◆ Try it
Output all entries precisely and leave out the pictures.

○ ○ ○

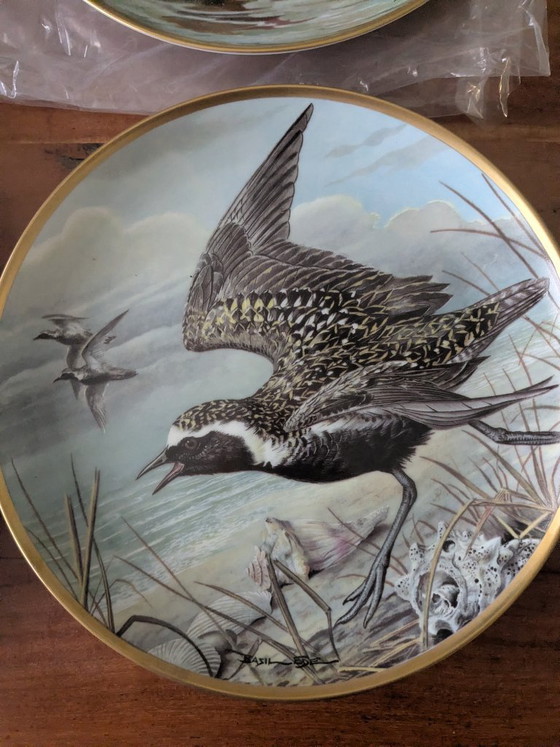 Image 1 of Basil Ede Oiseaux d'eau du monde, ensemble de 12 pièces avec système de suspension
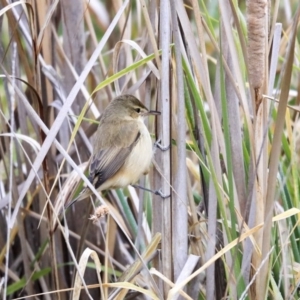 Acrocephalus australis at Gungahlin, ACT - 23 Jul 2020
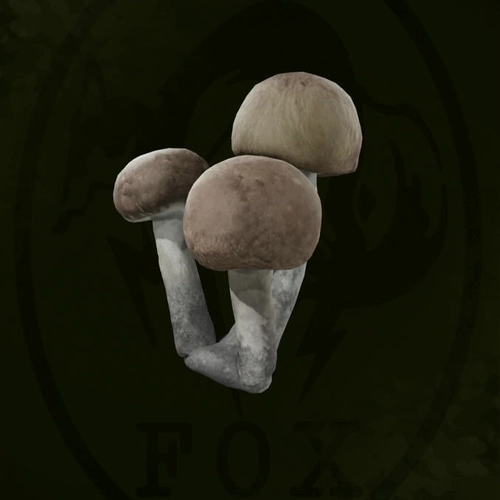 メタルギアデルタ_シベリアヒトヨタケ_アイコン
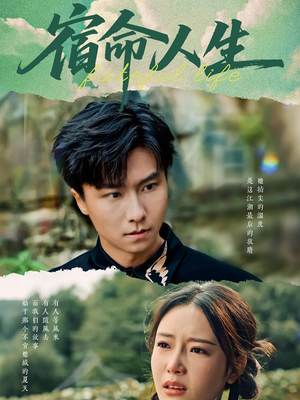 宿命人生（60集）口碑之选免费看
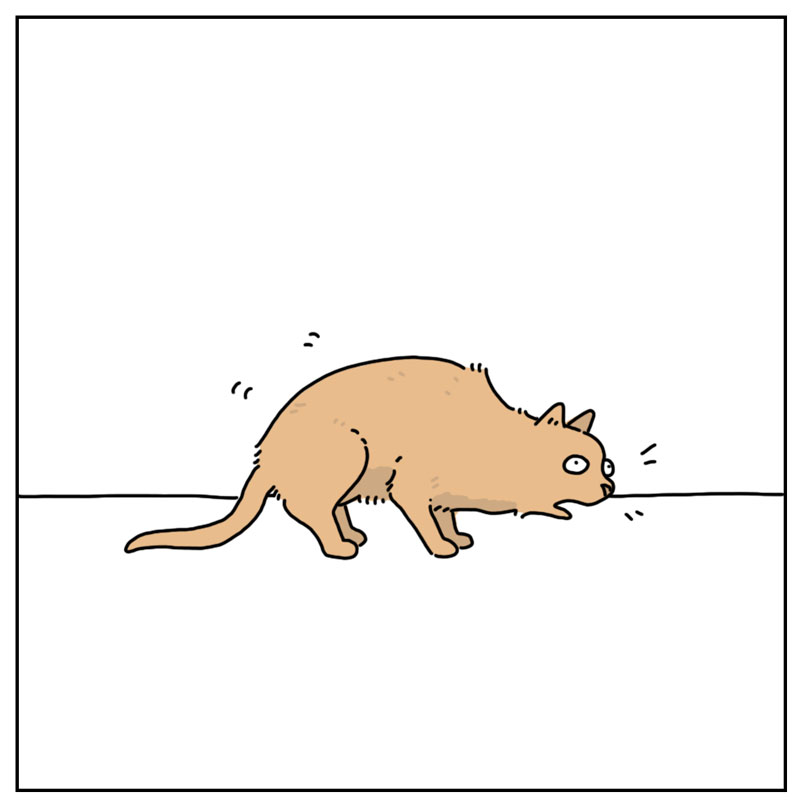 https://cdn.tinyview.com/they-can-talk/2024/03/25/dancing/cat_dancing2.jpg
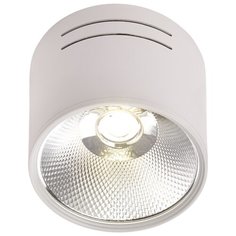 Светильник светодиодный потолочный спот LED 1*15W Белый IL.0005.4115 Imex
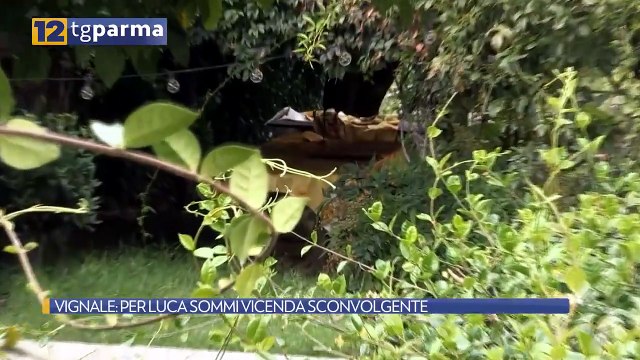 VIGNALE: PER LUCA SOMMI VICENDA SCONVOLGENTE | VIGNALE: PER LUCA SOMMI VICENDA SCONVOLGENTE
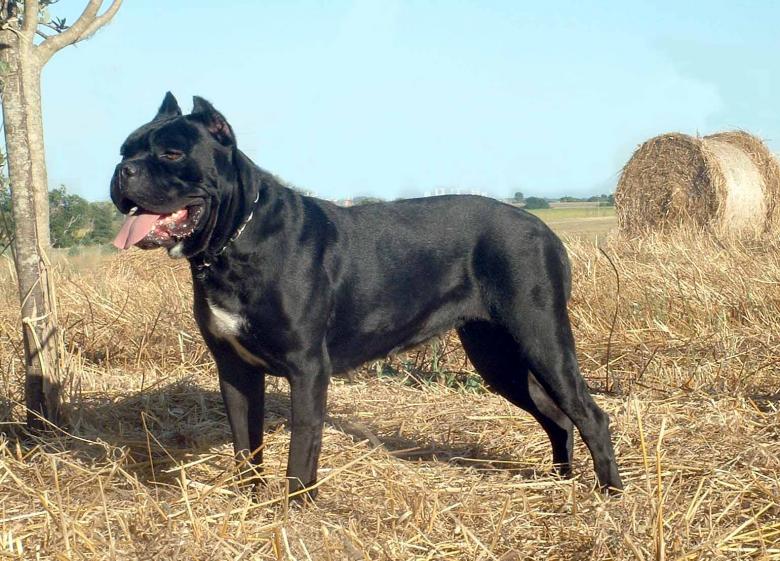 cane corso italiano di paianello allevamento roma 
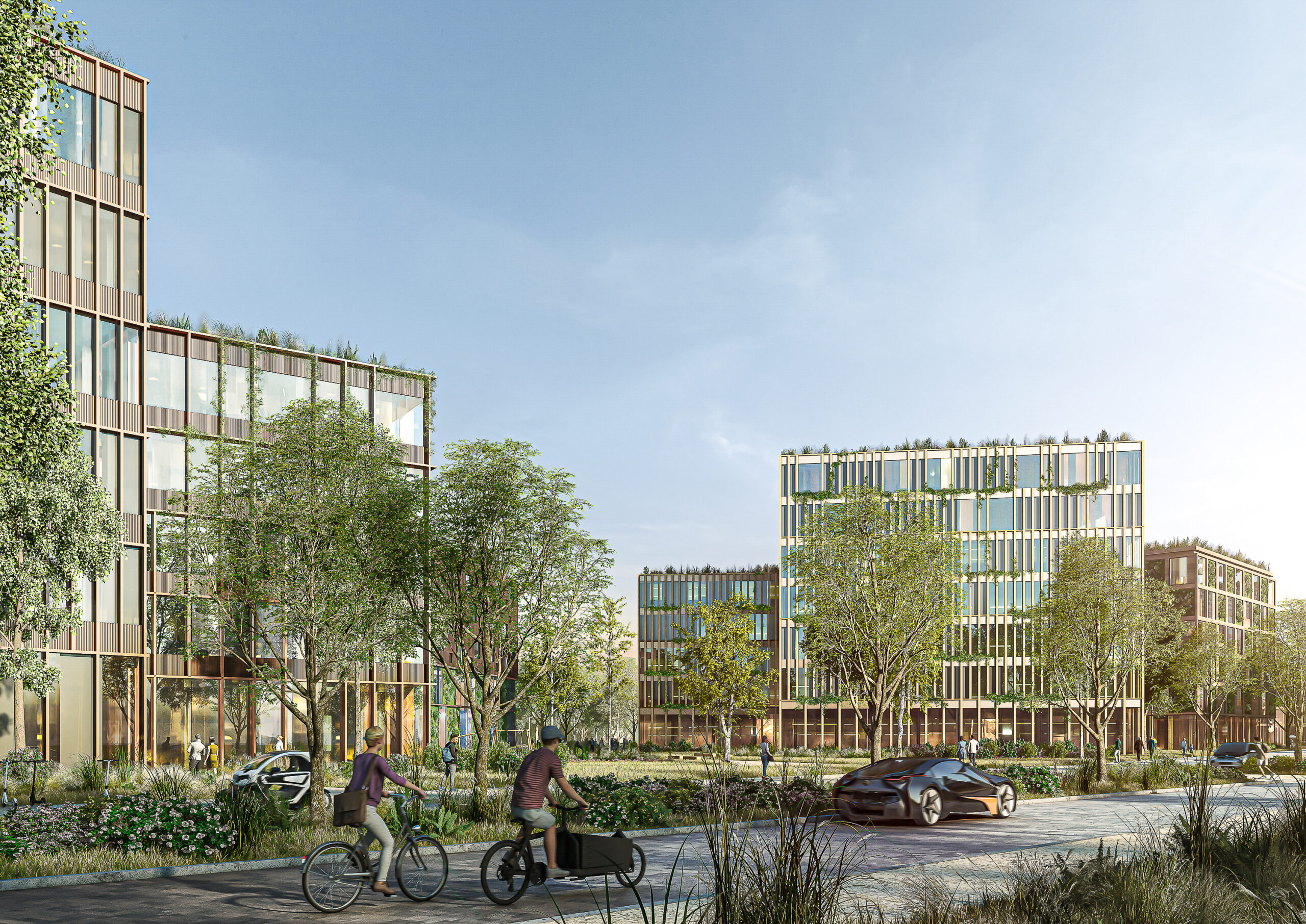 Projektentwicklung PHYLL | Bad Vilbel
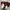 Dickies Streetwear Casual Short Pria burgundy photo 5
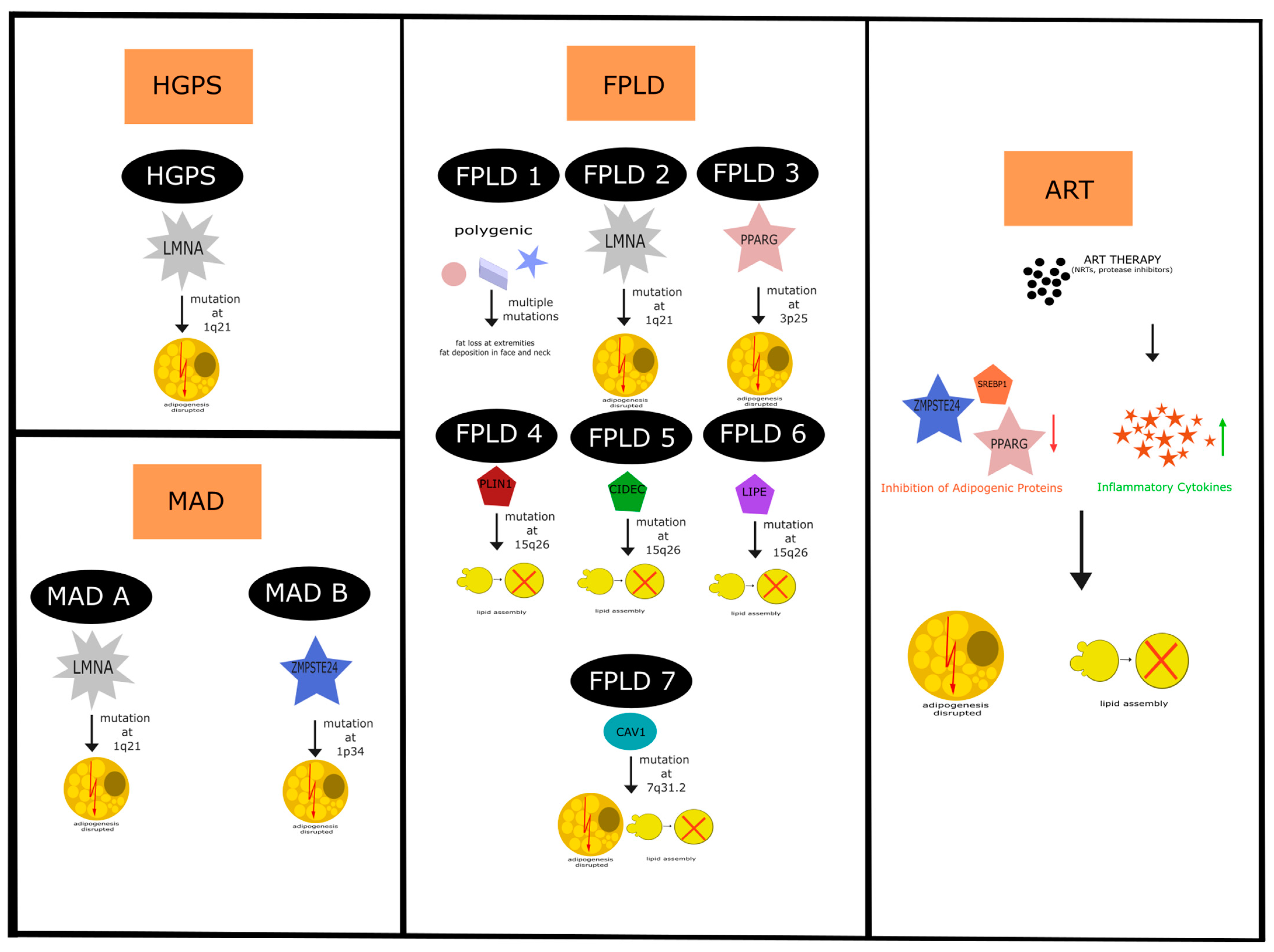 Ijms 25 08020 g002 Ijms 25 08020 g002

○ ○ ○

◆ Your solution
 Image 1 of Basil Ede Oiseaux d'eau du monde, ensemble de 12 pièces avec système de suspension
 Acrocephalus australis at Gungahlin, ACT - 23 Jul 2020
 メタルギアデルタ_シベリアヒトヨタケ_アイコン
 宿命人生（60集）口碑之选免费看
 https://cdn.tinyview.com/they-can-talk/2024/03/25/dancing/cat_dancing2.jpg
 Светильник светодиодный потолочный спот LED 1*15W Белый IL.0005.4115 Imex
 VIGNALE: PER LUCA SOMMI VICENDA SCONVOLGENTE | VIGNALE: PER LUCA SOMMI VICENDA SCONVOLGENTE
 cane corso italiano di paianello allevamento roma 
 Projektentwicklung PHYLL | Bad Vilbel
 Dickies Streetwear Casual Short Pria burgundy photo 5
 Ijms 25 08020 g002 Ijms 25 08020 g002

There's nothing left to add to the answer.